Me casé por segunda vez en Caná de Galilea, con la misma mujer que un día lo hice en primeras nupcias, y recorrimos Tierra Santa en viaje de peregrinación. Un viaje distinto a cualquier otro, en todo: incluido lo mal que comí. Dañó mi estómago el pescado, del tiempo de Jesús, que tomamos atravesando en barco el Mar de Galilea, pero cierto es que el alma quedó satisfecha, grabada en ella la Vía Dolorosa, con gentes de muy distintas religiones, creyendo todos en una sola Verdad.

El cuerpo, que también ha de tener sus satisfacciones, saciado quedó una noche en el palentino Monasterio de San Zoilo, de vuelta a Carrión de los Condes desde Frómista, donde tras varios días de camino comeríamos de cuchara y tenedor.

Sopa de ajo mi primer plato, verduras asadas para mi mujer, y después pescado y ciervo estofado. Aquella noche, cerca de nosotros cenaban ahora doce varones de entre cincuenta y sesenta años, de nobles cabezas, con el cabello muy corto y algunos de ellos con muy poco o ninguno, que calzaban todos sandalias, y quise imaginarlos con el hábito blanco que San Bernardo proporcionó a los frates milites y la sencilla cruz roja, que el Papa Eugenio III dotó al Temple, como distintivo: Caballeros de una Encomienda gala (porque les oí hablar francés), que entrando por Roncesvalles buscaban signos donde hallar los tesoros que el alma encierra.

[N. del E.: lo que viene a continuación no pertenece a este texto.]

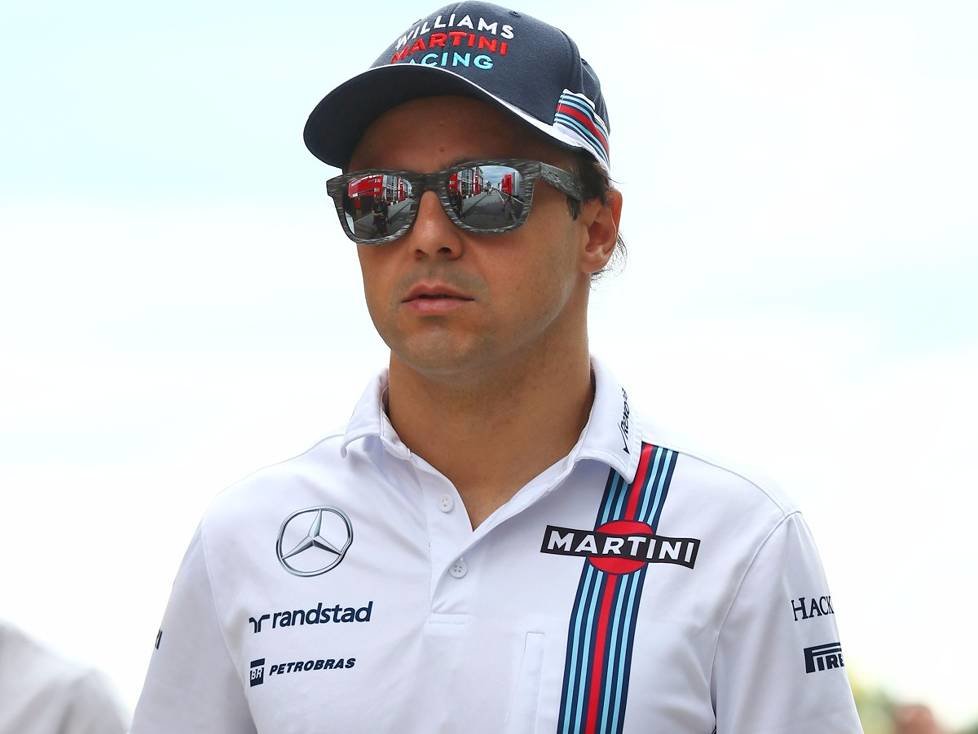 Felipe Massa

Al acabar de cenar se persignaron y el que supuse Comendador, con la sonrisa que todos nos dispensaron, inclinando la cabeza, dijo en castellano al pasar por delante de nosotros: Buenas noches. Yo entonces, me aventuré a responder: ¡Buen camino!

Después de cenar, en el libro de visitas del hotel dibujé un palomar que rompía en el horizonte la soledad de la estepa castellana, al que se dirigía una bandada de palomas, y leí en sus páginas que los caballeros habían iniciado la ruta de Santiago, en busca de algo que habían encontrado en cada paso del camino. También nosotros sentimos su presencia, mientras lo anduvimos, en cada uno de nuestros movimientos.

Me dormí pensando en todo lo visto en la Iglesia de San Martín. Del edificio destaca la desnuda sobriedad de sus muros, pero los elementos ornamentales de los capiteles con motivos vegetales y animales, son ricos en escenas bíblicas que sirvieron para enseñar al creyente parte de las Escrituras.

Los canecillos, pequeñas esculturas que decoran los aleros de los tejados, tienen como los capiteles una gran carga simbólica, difícil de desentrañar hoy, que en la Edad Media las gentes entendieron bien por conocer las leyendas, fabulas y cuentos a los que las figuras hacen referencia.

Interpretar las claves, que en el camino de nuestra existencia se presentan, es necesario para vivirla y cada uno debe aprender de allá, donde ha sido educado, para encontrarse a bien consigo mismo y con los demás, en el lugar donde habita.

He realizado ahora un viaje romero cargado de intenciones, en mi propia tierra y con vocación Mariana. Al alborear el día 28 de diciembre fui desde mi casa de Santa Pola a la playa del Tamarit, para conmemorar la representación del hallazgo del arca de la imagen de Nuestra Señora de la Asunción por el guardacostas Francesc Cantó. Después de la eucaristía acompañamos a la Virgen, colocada sobre una carreta de bueyes, por el Camino Viejo de Santa Pola y tras un alto para reponer fuerzas, con un almuerzo típico, llegamos a nuestro destino, en el ilicitano huerto de Les Portes Encarnaes. Allí dejamos a la Virgen, expuesta para la veneración de los fieles, hasta los actos de la tarde.

Lo que sigue en ese día, es ya conocido por los ilicitanos.

A mí, que desde hacía mucho no vivía esta dicha, me queda ahora interiorizar el camino para relatarlo algún día y no olvidarlo. Los años transcurridos han traído cosas buenas y otras no deseables, se han llevado algunas que echaremos en falta, pero son más las sensaciones vividas, sentimientos que nos diferencian y sirven para afrontar el nuevo año con fuerzas renovadas: es lo que les deseo a ustedes.